OTB - Ordem dos Trabalhadores do Brasil - Trabalhando pelos direitos dos Trabalhadores

Funcionalismo: o fim da elite dos servidores

Termino dos privilégios da elite do funcionalismo e reajuste pela inflação para a base melhorariam o serviço público. Foto: Reprodução

Por Paulo Campos dia em Nossos Direitos e Conquistas

Funcionalismo: o fim da elite dos servidores
  • Compartilhe esse post
  • Compartilhar no Facebook00
  • Compartilhar no Google Plus00
  • Compartilhar no Twitter

Agência Trabalhador – São Paulo Capital

No editorial do jornal O Estado de São Paulo de 25 de dezembro, duas afirmações sobre a necessária reforma do serviço público chamaram atenção.

O texto, que reflete a opinião do veículo, explicou que “entre as reformas estruturantes necessárias para que o País entre na rota do desenvolvimento sustentável, a mais decisiva, não apenas do ponto de vista fiscal ou da eficiência da máquina estatal, mas da moralidade pública, é a reforma administrativa. Cada vez que vêm à tona novos dados seja sobre as assimetrias entre a esfera pública e a privada ou entre a elite e a base da própria administração pública, seja sobre o desempenho do serviço público ou sobre o seu descontrole orçamentário isso fica mais claro”.

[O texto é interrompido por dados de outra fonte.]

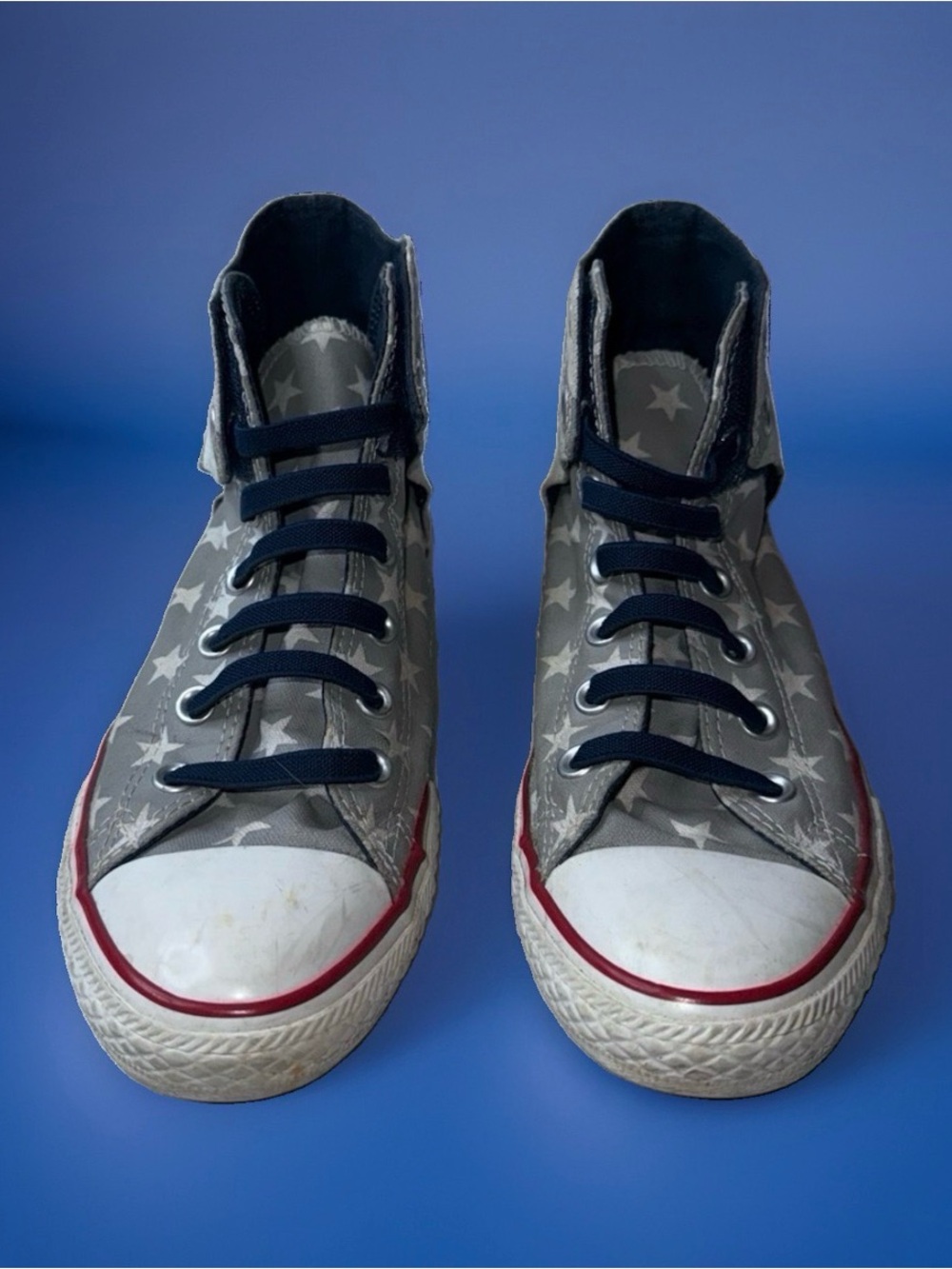Converse High-Top Sneakers in Gray, Black and Red Accent - Picture 3 of 7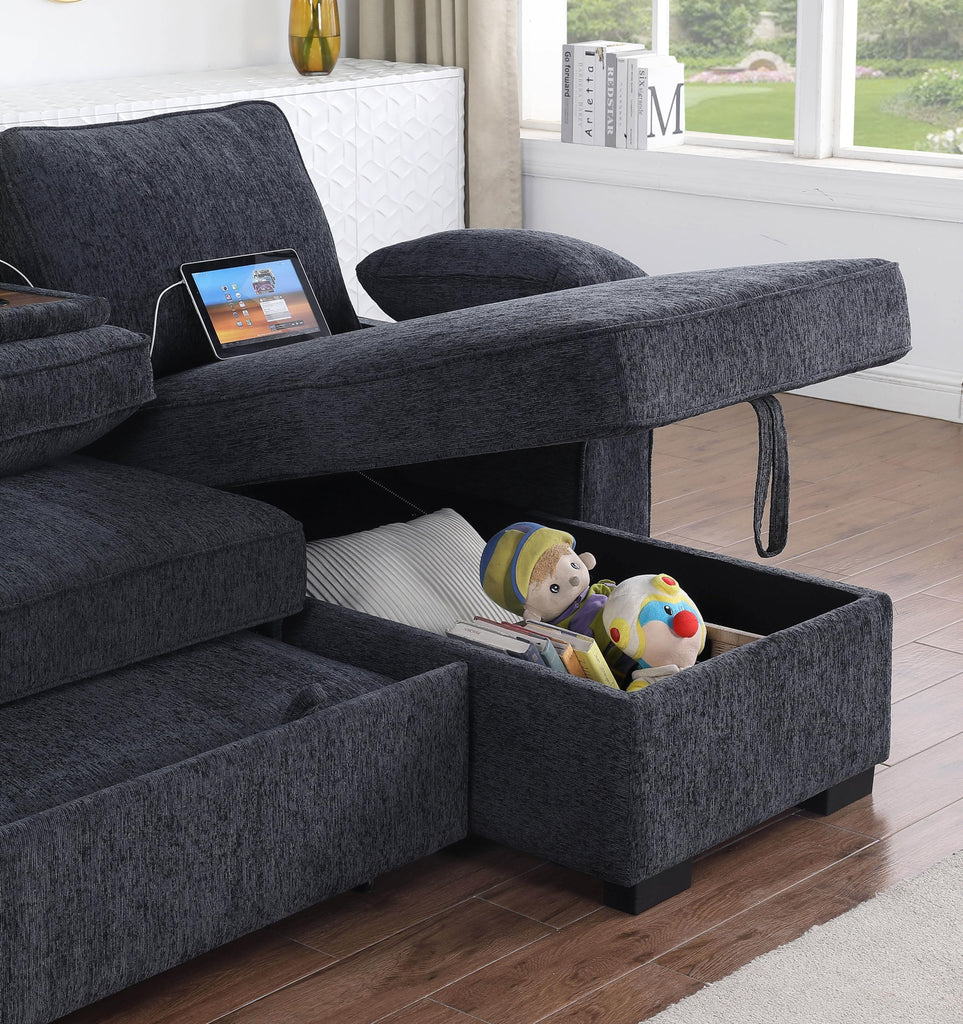 L-Shaped Pull Out Sleeper Sofa Bed, Modern Chenille Upholstered Button Tufted Corner Reversible Sleeper Sectional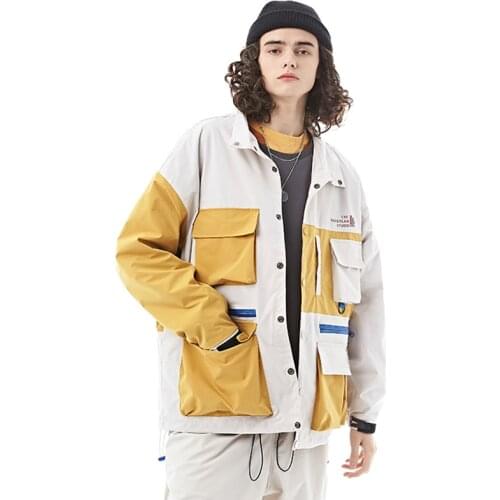 New Arrival Stylish Western Style Color Patchwork Multi-Pockets Mens Jackets Casual Safari Style Male Windbreaker Coats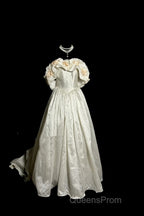 Classy Ball Gown Off The Shoulder Lace Ivory Long Wedding Dress Bridal Dress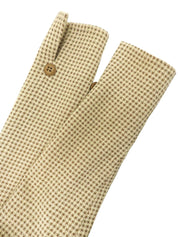 チェックパターンノーカラージャケット アイボリー/ブラウン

Para os servidores da base, parece que finalmente perceberam que não são todos os servidores que são privilegiados. As “assimetrias entre a elite e a base da ... administração pública”, que o texto refere, são justamente os infindáveis benefícios, verbas e reajustes concedidos apenas aos servidores considerados de alto escalão, enquanto os servidores comuns, aqueles que atendem à população permanecem abandonados.

Política comum na Prefeitura de São Paulo que, enquanto não reajusta salário dos servidores comuns (ou reajusta simbolicamente em 0,01%) por anos seguidos, nunca deixa de manter atualizados salários dos servidores da Câmara Municipal e do Tribunal de Contas. Estes tem benefícios, reajustes e salários (muito) diferenciados.

A Prefeitura de São Paulo necessita urgente da “moralidade pública” que o editorial define como essencial para o desenvolvimento sustentável.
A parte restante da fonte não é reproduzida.